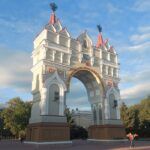 ТОП-35 достопримечательностей Благовещенска: Список интересных мест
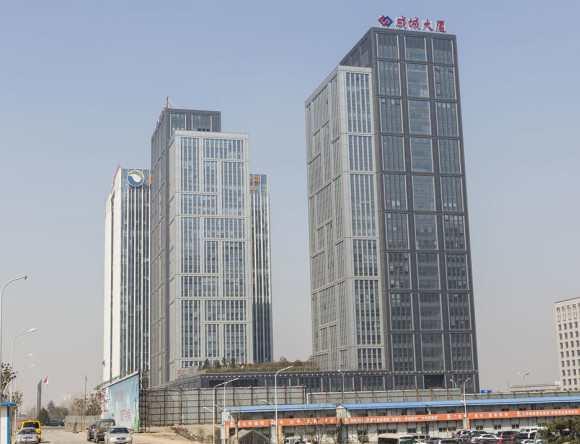 中建七局康平路成城大廈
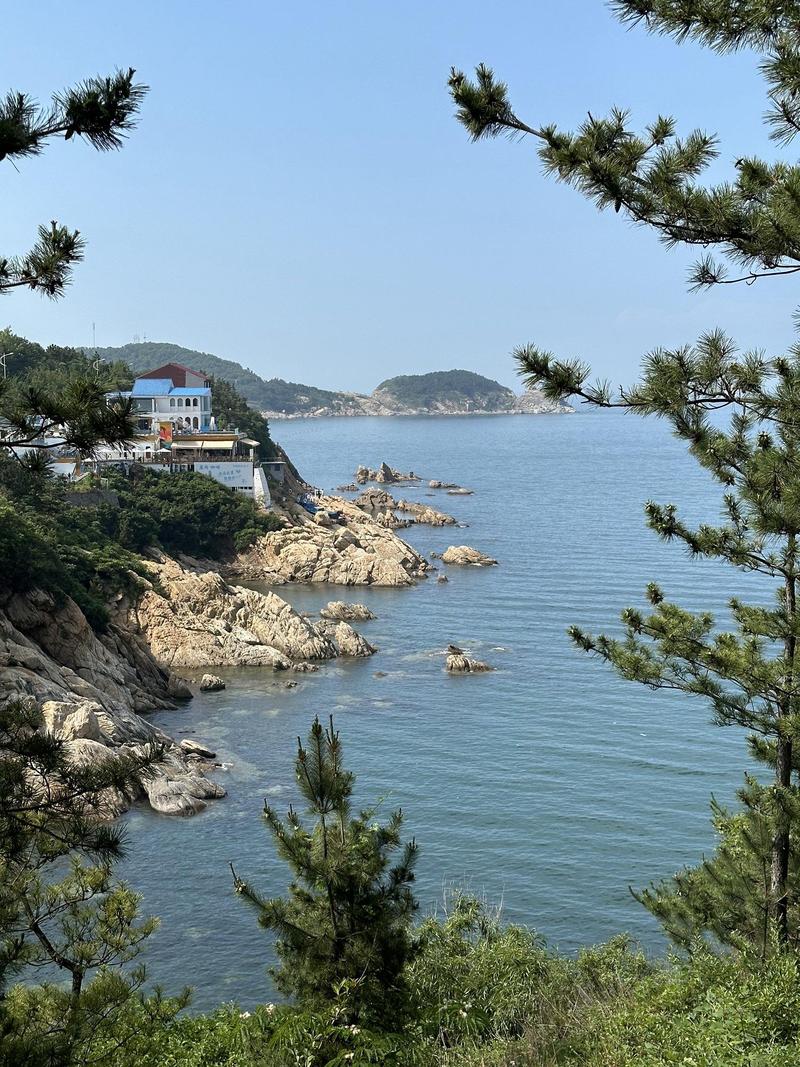 山东海边自驾游哪里好玩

● Task statement:
Take the data above and repeat it exactly, leaving each picture out.

● Answer to this problem:
 ТОП-35 достопримечательностей Благовещенска: Список интересных мест
 中建七局康平路成城大廈
 山东海边自驾游哪里好玩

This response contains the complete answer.